4.3. Various data types

Groonga is a full text search engine but also serves as a column-oriented data store. Groonga supports various data types, such as numeric types, string types, date and time type, longitude and latitude types, etc. This tutorial shows a list of data types and explains how to use them.

4.3.1. Overview

The basic data types of Groonga are roughly divided into 5 groups --- boolean type, numeric types, string types, date/time type and longitude/latitude types. The numeric types are further divided according to whether integer or floating point number, signed or unsigned and the number of bits allocated to each integer. The string types are further divided according to the maximum length. The longitude/latitude types are further divided according to the geographic coordinate system. For more details, see Data types.

In addition, Groonga supports reference types and vector types. Reference types are designed for accessing other tables.

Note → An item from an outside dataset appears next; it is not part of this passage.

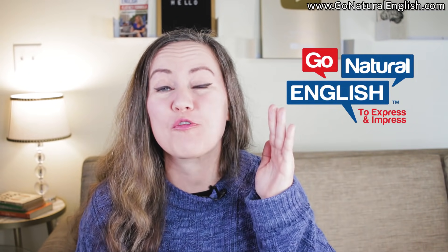In the next 10 minutes, you're going to learn how to make people believe that you are fluent in English, even if you're not.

Vector types are designed for storing a variable number of values in one element.

First, let's create a table for this tutorial.

Execution example:

table_create --name ToyBox --flags TABLE_HASH_KEY --key_type ShortText
# [[0, 1337566253.89858, 0.000355720520019531], true]

4.3.2. Boolean type

The boolean type is used to store true or false. To create a boolean type column, specify Bool to the type parameter of column_create command. The default value of the boolean type is false.

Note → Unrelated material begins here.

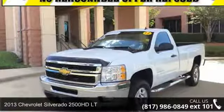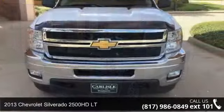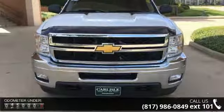Step into the 2013 Chevrolet Silverado 2500 HD LT. If you are looking for an automobile with great features, look no further.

The following example creates a boolean type column and adds three records. Note that the third record has the default value because no value is specified.

Execution example:

column_create --table ToyBox --name is_animal --type Bool
# [[0, 1337566253.89858, 0.000355720520019531], true]
load --table ToyBox
[
{"_key":"Monkey","is_animal":true}
{"_key":"Flower","is_animal":false}
{"_key":"Block"}
]
# [[0, 1337566253.89858, 0.000355720520019531], 3]
select --table ToyBox --output_columns _key,is_animal
# [
#   [
#     0,
#     1337566253.89858,
#     0.000355720520019531
#   ],
#   [
#     [
#       [
#         3
#       ],
#       [
#         [
#           "_key",
#           "ShortText"
#         ],
#         [
#           "is_animal",
#           "Bool"
#         ]
#       ],
#       [
#         "Monkey",
#         true
#       ],
#       [
#         "Flower",
#         false
#       ],
#       [
#         "Block",
#         false
#       ]
#     ]
#   ]
# ]

4.3.3. Numeric types

The numeric types are divided into integer types and a floating point number type. The integer types are further divided into the signed integer types and unsigned integer types. In addition, you can choose the number of bits allocated to each integer. For more details, see Data types. The default value of the numeric types is 0.

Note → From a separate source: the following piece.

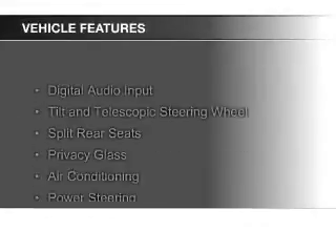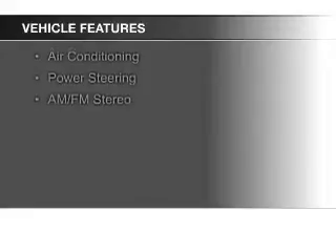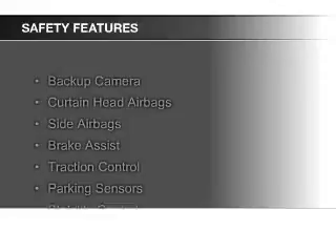The features include digital audio input, a tilt and telescopic steering wheel, split rear seats, privacy glass, air conditioning, power steering, and AM-FM stereo.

The following example creates an Int8 column and a Float column, and then updates existing records. The load command updates the weight column as expected. On the other hand, the price column values are different from the specified values because 15.9 is not an integer and 200 is too large. 15.9 is converted to 15 by removing the fractional part. 200 causes an overflow and the result becomes -56. Note that the result of an overflow/underflow is undefined.

Execution example:

column_create --table ToyBox --name price --type Int8
# [[0, 1337566253.89858, 0.000355720520019531], true]
column_create --table ToyBox --name weight --type Float
# [[0, 1337566253.89858, 0.000355720520019531], true]
load --table ToyBox
[
{"_key":"Monkey","price":15.9}
{"_key":"Flower","price":200,"weight":0.13}
{"_key":"Block","weight":25.7}
]
# [[0, 1337566253.89858, 0.000355720520019531], 3]
select --table ToyBox --output_columns _key,price,weight
# [
#   [
#     0,
#     1337566253.89858,
#     0.000355720520019531
#   ],
#   [
#     [
#       [
#         3
#       ],
#       [
#         [
#           "_key",
#           "ShortText"
#         ],
#         [
#           "price",
#           "Int8"
#         ],
#         [
#           "weight",
#           "Float"
#         ]
#       ],
#       [
#         "Monkey",
#         15,
#         0.0
#       ],
#       [
#         "Flower",
#         -56,
#         0.13
#       ],
#       [
#         "Block",
#         0,
#         25.7
#       ]
#     ]
#   ]
# ]

4.3.4. String types

The string types are divided according to the maximum length. For more details, see Data types. The default value is the zero-length string.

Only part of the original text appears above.